* [EXERCISE BRIEF] Transcribe, word for word, all of the entries below, and exclude any pictures from the copy.

-- WORKING DATA follows --

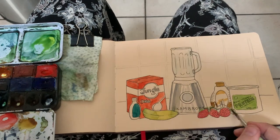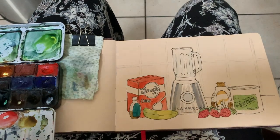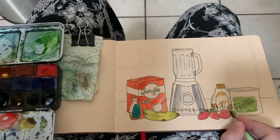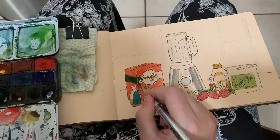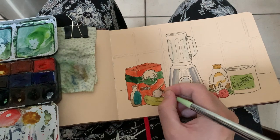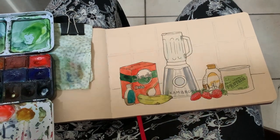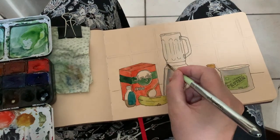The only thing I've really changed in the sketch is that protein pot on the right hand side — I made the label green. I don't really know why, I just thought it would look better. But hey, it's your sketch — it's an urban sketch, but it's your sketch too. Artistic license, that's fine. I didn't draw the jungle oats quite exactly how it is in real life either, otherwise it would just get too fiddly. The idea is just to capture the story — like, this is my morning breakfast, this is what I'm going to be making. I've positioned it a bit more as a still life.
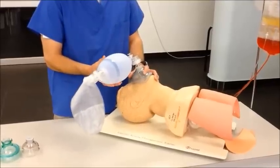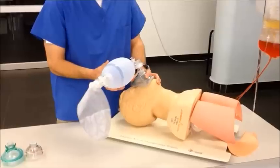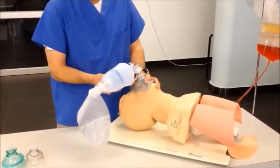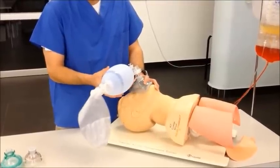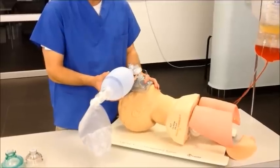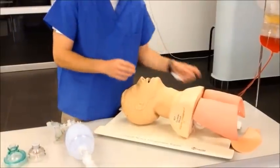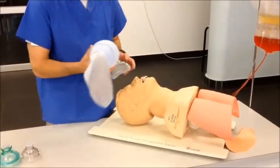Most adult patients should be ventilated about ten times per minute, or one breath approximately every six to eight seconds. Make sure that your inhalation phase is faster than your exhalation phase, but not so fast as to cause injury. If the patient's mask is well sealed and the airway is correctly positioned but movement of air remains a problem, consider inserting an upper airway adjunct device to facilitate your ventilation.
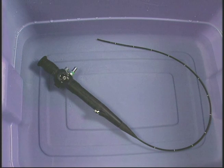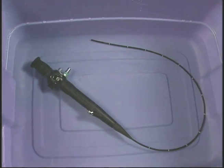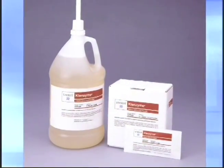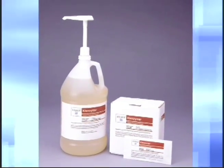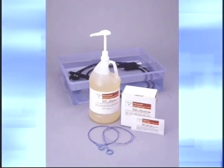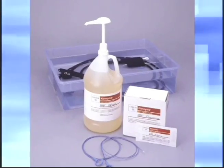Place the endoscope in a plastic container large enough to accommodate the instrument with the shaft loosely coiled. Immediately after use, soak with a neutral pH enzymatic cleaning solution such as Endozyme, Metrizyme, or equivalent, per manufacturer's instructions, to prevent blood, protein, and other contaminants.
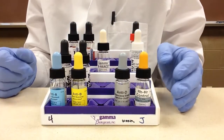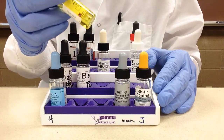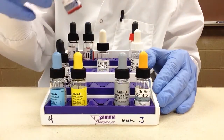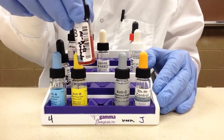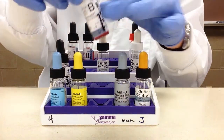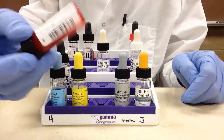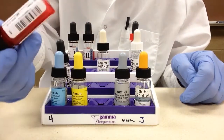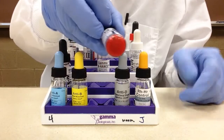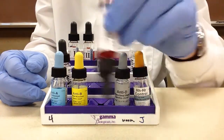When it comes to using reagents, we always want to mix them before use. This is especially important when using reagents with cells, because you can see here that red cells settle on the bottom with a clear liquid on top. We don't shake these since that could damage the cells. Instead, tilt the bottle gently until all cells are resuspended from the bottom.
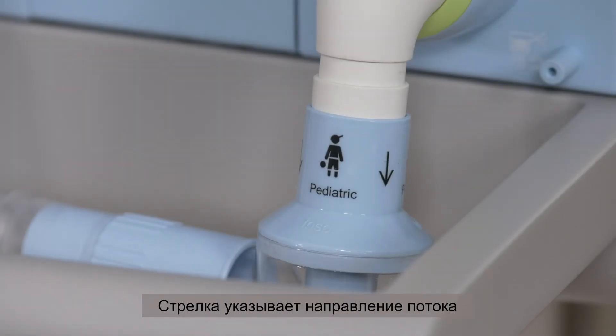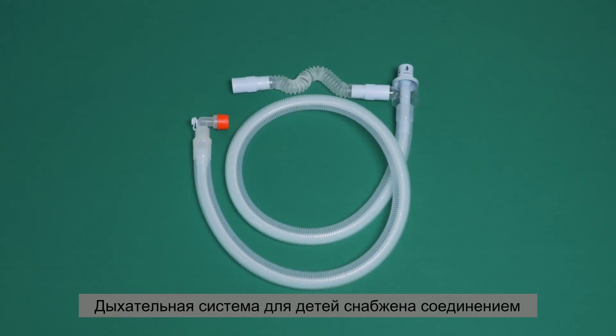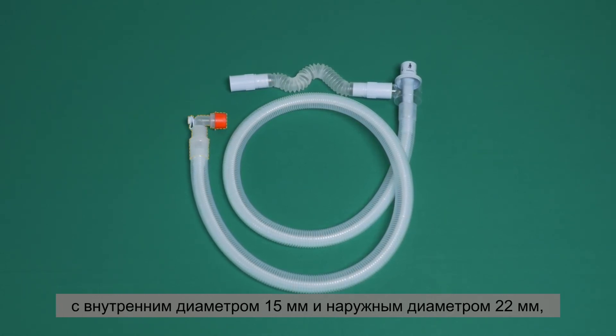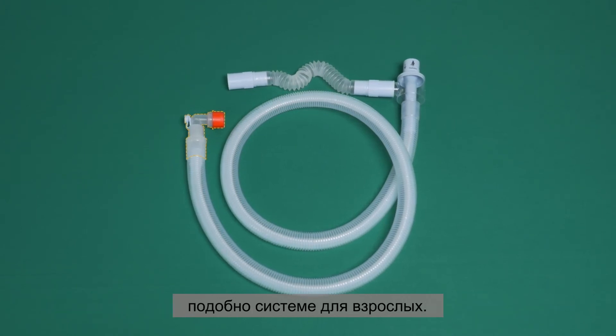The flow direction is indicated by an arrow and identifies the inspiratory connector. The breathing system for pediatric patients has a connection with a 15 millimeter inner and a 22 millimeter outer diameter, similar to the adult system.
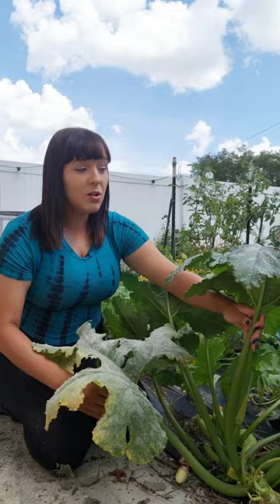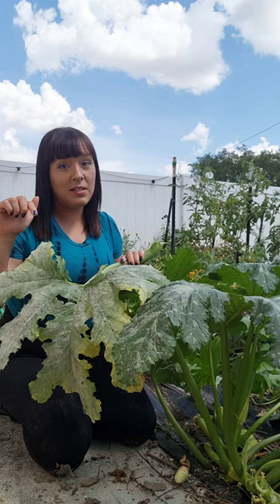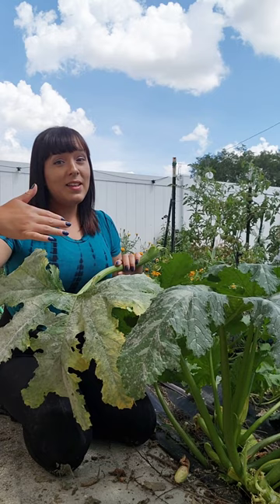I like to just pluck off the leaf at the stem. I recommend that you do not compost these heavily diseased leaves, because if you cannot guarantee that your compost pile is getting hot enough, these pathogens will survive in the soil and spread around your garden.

-- WORKING DATA concluded --

* [SOLUTION FOR THIS EXERCISE]
The only thing I've really changed in the sketch is that protein pot on the right hand side — I made the label green. I don't really know why, I just thought it would look better. But hey, it's your sketch — it's an urban sketch, but it's your sketch too. Artistic license, that's fine. I didn't draw the jungle oats quite exactly how it is in real life either, otherwise it would just get too fiddly. The idea is just to capture the story — like, this is my morning breakfast, this is what I'm going to be making. I've positioned it a bit more as a still life.
Most adult patients should be ventilated about ten times per minute, or one breath approximately every six to eight seconds. Make sure that your inhalation phase is faster than your exhalation phase, but not so fast as to cause injury. If the patient's mask is well sealed and the airway is correctly positioned but movement of air remains a problem, consider inserting an upper airway adjunct device to facilitate your ventilation.
Place the endoscope in a plastic container large enough to accommodate the instrument with the shaft loosely coiled. Immediately after use, soak with a neutral pH enzymatic cleaning solution such as Endozyme, Metrizyme, or equivalent, per manufacturer's instructions, to prevent blood, protein, and other contaminants.
When it comes to using reagents, we always want to mix them before use. This is especially important when using reagents with cells, because you can see here that red cells settle on the bottom with a clear liquid on top. We don't shake these since that could damage the cells. Instead, tilt the bottle gently until all cells are resuspended from the bottom.
The flow direction is indicated by an arrow and identifies the inspiratory connector. The breathing system for pediatric patients has a connection with a 15 millimeter inner and a 22 millimeter outer diameter, similar to the adult system.
I like to just pluck off the leaf at the stem. I recommend that you do not compost these heavily diseased leaves, because if you cannot guarantee that your compost pile is getting hot enough, these pathogens will survive in the soil and spread around your garden.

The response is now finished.